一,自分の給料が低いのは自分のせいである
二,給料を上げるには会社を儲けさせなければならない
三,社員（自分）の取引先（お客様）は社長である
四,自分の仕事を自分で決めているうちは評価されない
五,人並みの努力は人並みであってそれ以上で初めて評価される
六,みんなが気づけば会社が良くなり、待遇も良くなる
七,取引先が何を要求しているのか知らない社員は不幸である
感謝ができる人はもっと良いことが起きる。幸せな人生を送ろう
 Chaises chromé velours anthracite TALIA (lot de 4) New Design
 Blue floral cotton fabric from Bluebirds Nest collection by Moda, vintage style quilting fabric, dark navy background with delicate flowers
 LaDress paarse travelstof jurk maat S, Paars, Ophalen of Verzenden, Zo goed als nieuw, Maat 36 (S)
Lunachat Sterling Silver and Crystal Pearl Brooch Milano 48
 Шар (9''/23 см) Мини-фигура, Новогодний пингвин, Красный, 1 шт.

--- --- ---

* Task goal
Reproduce the line that contains "LaDress paarse travelstof" and each line after it through the last line of the entries above, exactly; leave out all earlier lines.

* Finished exercise
 LaDress paarse travelstof jurk maat S, Paars, Ophalen of Verzenden, Zo goed als nieuw, Maat 36 (S)
Lunachat Sterling Silver and Crystal Pearl Brooch Milano 48
 Шар (9''/23 см) Мини-фигура, Новогодний пингвин, Красный, 1 шт.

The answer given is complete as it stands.